We live in an era where social fabric and social media intersect like threads in the texture of a Persian carpet. While they may not be as elegant, these social aspects are certainly as precious as that famous handmade item. Every day, we donate our time, our attention, our data to social networks, which give us back opportunities, new friendships, and a (not necessarily truthful) overview of the world surrounding us.

The advantages of this symbiosis are many, but several controversial issues may be far from being resolved. One of them is the central role of AI, which became the fundament of the entire social media architecture but is also well known to be an extremely data-hungry technology and therefore prone to be abused.

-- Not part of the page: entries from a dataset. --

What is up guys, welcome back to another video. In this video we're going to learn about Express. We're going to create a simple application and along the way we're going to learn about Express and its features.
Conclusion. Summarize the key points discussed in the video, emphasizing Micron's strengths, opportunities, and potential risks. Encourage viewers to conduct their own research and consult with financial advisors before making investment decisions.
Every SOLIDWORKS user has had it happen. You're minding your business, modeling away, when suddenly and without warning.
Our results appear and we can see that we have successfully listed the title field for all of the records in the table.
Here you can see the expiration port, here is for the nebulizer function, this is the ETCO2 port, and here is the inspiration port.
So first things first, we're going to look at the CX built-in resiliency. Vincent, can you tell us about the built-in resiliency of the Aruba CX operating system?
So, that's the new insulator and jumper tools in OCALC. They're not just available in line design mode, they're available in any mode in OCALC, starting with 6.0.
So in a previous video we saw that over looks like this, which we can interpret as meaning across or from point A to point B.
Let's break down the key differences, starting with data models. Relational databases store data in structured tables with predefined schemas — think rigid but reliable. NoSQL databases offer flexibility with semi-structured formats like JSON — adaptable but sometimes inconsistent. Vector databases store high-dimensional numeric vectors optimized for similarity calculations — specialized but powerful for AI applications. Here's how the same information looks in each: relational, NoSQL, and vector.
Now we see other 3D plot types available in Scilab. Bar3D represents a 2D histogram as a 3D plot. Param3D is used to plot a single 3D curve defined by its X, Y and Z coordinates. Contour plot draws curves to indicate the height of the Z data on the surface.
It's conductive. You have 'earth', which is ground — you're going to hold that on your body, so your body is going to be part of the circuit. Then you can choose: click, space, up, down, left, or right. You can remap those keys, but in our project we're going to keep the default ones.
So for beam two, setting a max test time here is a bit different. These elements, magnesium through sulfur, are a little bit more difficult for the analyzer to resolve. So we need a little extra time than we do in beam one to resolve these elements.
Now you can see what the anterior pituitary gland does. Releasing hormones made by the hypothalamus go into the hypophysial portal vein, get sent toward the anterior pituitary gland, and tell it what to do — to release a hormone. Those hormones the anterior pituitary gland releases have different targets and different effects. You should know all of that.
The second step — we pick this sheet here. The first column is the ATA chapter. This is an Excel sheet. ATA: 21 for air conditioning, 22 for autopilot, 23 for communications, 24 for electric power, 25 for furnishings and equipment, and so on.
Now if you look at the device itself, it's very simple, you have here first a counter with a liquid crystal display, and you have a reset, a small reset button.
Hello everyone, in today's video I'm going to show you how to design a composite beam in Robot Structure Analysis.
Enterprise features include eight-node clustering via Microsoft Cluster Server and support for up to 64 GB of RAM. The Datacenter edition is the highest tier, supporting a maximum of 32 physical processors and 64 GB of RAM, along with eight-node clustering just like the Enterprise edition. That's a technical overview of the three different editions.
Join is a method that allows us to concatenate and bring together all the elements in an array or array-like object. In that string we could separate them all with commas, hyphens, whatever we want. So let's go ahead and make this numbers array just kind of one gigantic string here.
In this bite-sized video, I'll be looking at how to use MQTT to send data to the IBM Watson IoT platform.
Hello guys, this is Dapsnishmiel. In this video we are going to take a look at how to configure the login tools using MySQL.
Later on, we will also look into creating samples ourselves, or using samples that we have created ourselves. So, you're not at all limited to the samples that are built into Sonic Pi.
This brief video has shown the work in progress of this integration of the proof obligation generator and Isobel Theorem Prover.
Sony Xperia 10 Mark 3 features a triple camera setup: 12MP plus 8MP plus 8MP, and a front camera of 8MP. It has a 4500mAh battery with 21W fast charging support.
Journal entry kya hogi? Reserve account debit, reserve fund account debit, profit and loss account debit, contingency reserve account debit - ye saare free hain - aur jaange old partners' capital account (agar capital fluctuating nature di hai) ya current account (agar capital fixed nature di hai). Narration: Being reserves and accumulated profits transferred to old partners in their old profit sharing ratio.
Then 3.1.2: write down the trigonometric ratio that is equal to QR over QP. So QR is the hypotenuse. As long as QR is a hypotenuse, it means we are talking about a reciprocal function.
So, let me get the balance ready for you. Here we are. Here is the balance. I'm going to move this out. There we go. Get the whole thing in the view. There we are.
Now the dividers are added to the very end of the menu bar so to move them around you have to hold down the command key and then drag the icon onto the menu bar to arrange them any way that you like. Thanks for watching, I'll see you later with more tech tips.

Many of you probably remember the infamous Facebook-Cambridge Analytica scandal, which proved how personal data could be weaponized by insidious powers and how the AI algorithms ruling over the platform’s functioning could foster misinformation and hate speech instead of mitigating them. The lesson we can draw from these events is that AI is an amazing tool, but the benefits that come with it depend mostly on the way we implement it in various aspects of our society, including social media.

In recent years, fortunately, public opinion and legislators have paid increasing attention to this topic, leading to the creation of greater safeguards in terms of data protection, such as the GDPR. So, the general trend seems to be positive. This might ensure that similar social media credibility crises (including those embarrassing interactions between Zuckerberg and politicians during a Senate hearing) do not recur in the future.